A 100 euros de media el metro cuadrado, los tejidos con los que trabaja parecen tener propiedades sobrenaturales: “Mira esto, es lana pura. Con ella cualquier prenda sienta mejor, porque cuando el cuerpo le transmite calor, presta un poco y se va adaptando a tu cuerpo hasta que queda como un guante. Es un tejido al que hay que dejarlo descansar”, nos explica con indudable destreza comercial.

“Lo clásico es siempre lo elegante”

Este es uno de esos negocios old school en los que el cliente tiene la razón… casi siempre. “Yo hay cosas que no hago. Como poner una manga de cada color, como me pidieron una vez”. Nacho está convencido de que “lo clásico es lo elegante”. El traje inglés, con primer botón a la altura de la cintura, bolsillo de ticket y pantalón con pinza y bordillo. El romano, con chaqueta adaptada al cuerpo, un solo corte por detrás y pantalones amplios con bordillo de 20 centímetros de anchura que roza el zapato. El napolitano, con solapas estrechas en forma de lanza, chaqueta corta y entallada, pantalones bastante ajustados y a la altura del tobillo. El milanés, con hombros siguiendo la forma del cuerpo, chaqueta sin corte detrás y pantalones con una pinza. Salvo confiesa que se echa las manos a la cabeza cuando se cruza a alguien embutido en una chaqueta raquítica o con los bajos subidos por encima del tobillo.

Foto: EVA MÁÑEZ

En realidad, Nacho estudió arqueología subacúatica antes de volver al redil. Allí, su padre le acogió como aprendiz, una figura típica en los gremios de artesanos, pero aquí brilla por su ausencia. Es la prueba fehaciente de que hablamos de un oficio en vías de extinción. “En Francia si dices que vas a cerrar tu sastrería porque no es rentable, te quitan impuestos para que continúes, porque las empresas artesanas son parte del patrimonio cultural de un país. En España hay algunas ayudas, pero son muy escasas acceder a ellas es tan difícil. El papeleo burocrático es tal, que al final pasas de pedirlo ¿Por qué crees que ya casi no quedan negocios históricos por aquí? En Madrid quedan más, pero en València…”

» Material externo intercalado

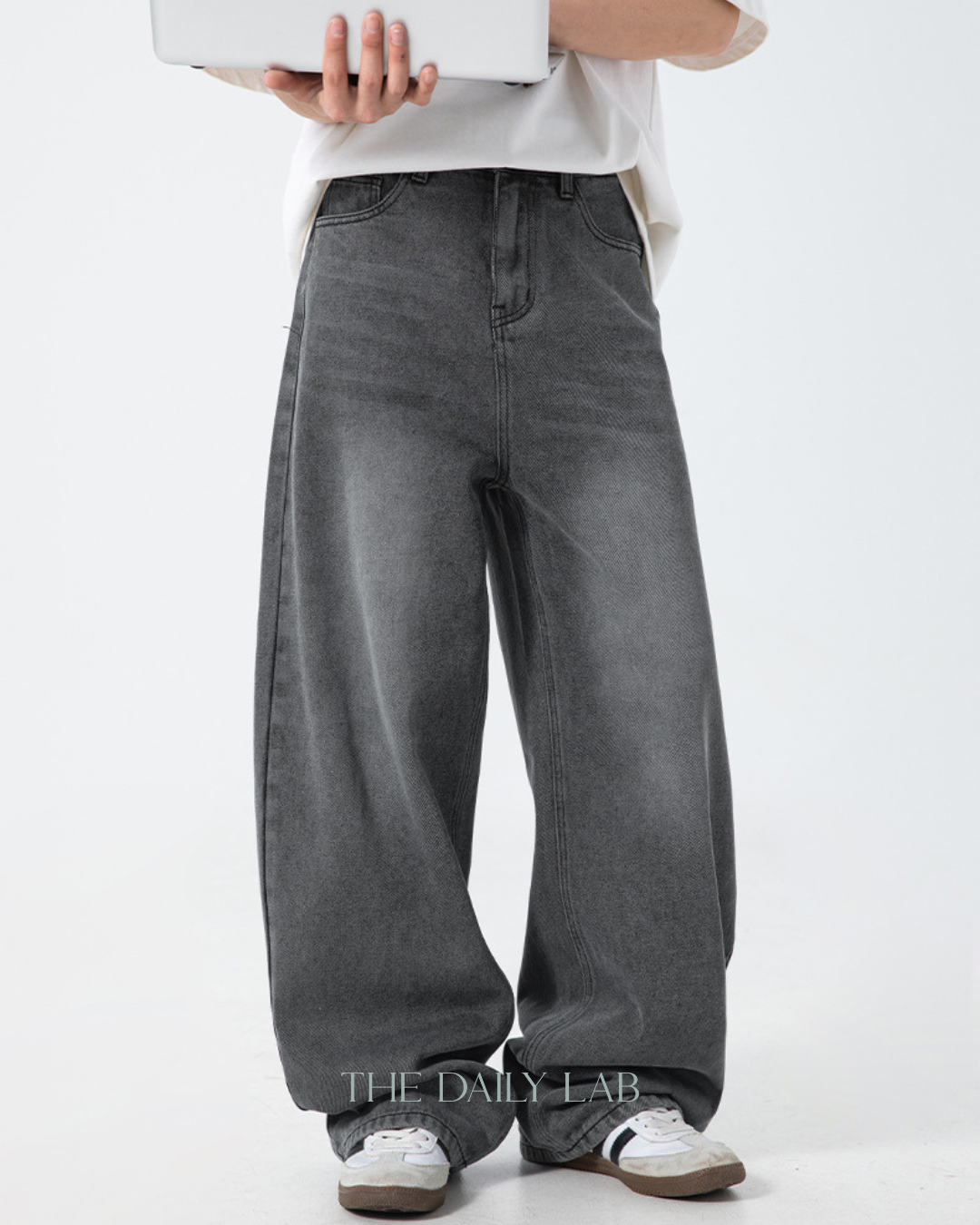 Vintage Washed Wide-Leg Jeans in Grey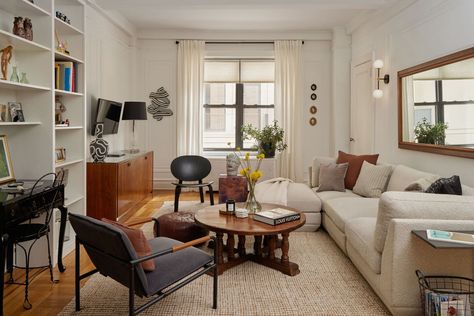 Nyc Apartment Decorating, Nyc Living, Apartment Decoration, Old Apartments, Contemporary Style Homes, Upper West Side, Nyc Apartment, Decoration Inspiration, One Bedroom Apartment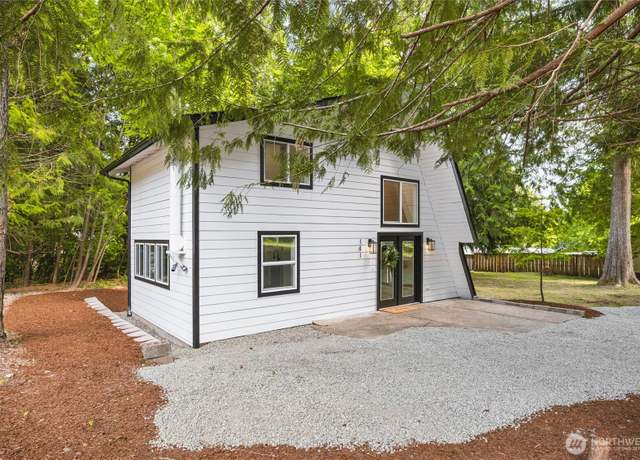 Property at 141 E Ashwood Ln, Shelton, WA 98584, 2 beds, 1 bath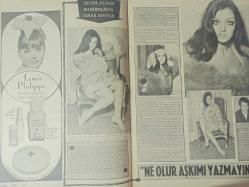 Pazar Haftalık Aktüalite Sinema Tiyatro Müzik ve Magazin Dergisi - 15 Kasım 1968 - Sayı:634 - Selda Alkor - Radyo TV Dergi Reklamı - Sevda Ferdağ dayanamadı - Selda Alkor rahibelikte ısrar ediyor - Servan Özdemir - Ekrem Bora - Nahit Şerif - Munzur Sebip - Niyazi Mustafa - Sevda Ferdağ - Kemal Simavi - Kadri Yurdatap - Atıf Tuna - Hüseyin Baradan - Hüseyin Zan - Tugay Toksöz - Arap seks bombası Nahit Şerif ortalarda kaldı - Yeşilçam'ın yenileri Ülkü Özen - POND's Krem Reklamı - Zeynep Aksu, Antalya'ya uçtu - Sevim Tuna hamamda bülbül gibi şakıdı - Artık Gülgün Erdem'in de yeni bir burnu var - Aram Gülyüz - POP Sabun Reklamı - Marie Vincent - Erika Ramberg - Sevinç Pekin - Türk Sinemasında Seks - Agah Özgüç - Sevim Emre - Seher Şeniz - Nilüfer Koçyiğit - Hilal Esen - Metin Erksan - Vedat Türkali fotoğraf ve haberi - Tam Takım Dergi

Los sastres tienen mucha menos clientela, aunque también han visto desaparecer casi toda su competencia, de modo que por el momento se mantienen a flote. El perfil que se mantiene fiel a los trajes a medida es el de políticos, empresarios, hombres a punto de pasar por el altar y abogados –“confecciono muchas togas”-. La rutina profesional incluye desplazarse hasta sus despachos para tomar medidas, hacer las pruebas y entregar finalmente la pieza. Como en las películas. “En esos círculos saben distinguir a la legua una chaqueta de tienda de otra hecha a medida”, asegura Nacho. Su amigo Jose, empresario, lo corrobora: “A mí ningún hombre me había hecho jamás un comentario sobre mi ropa hasta que este [Nacho] empezó a hacerme los trajes. La diferencia es abismal. Si no cambia mucho tu cuerpo, te dura toda la vida”.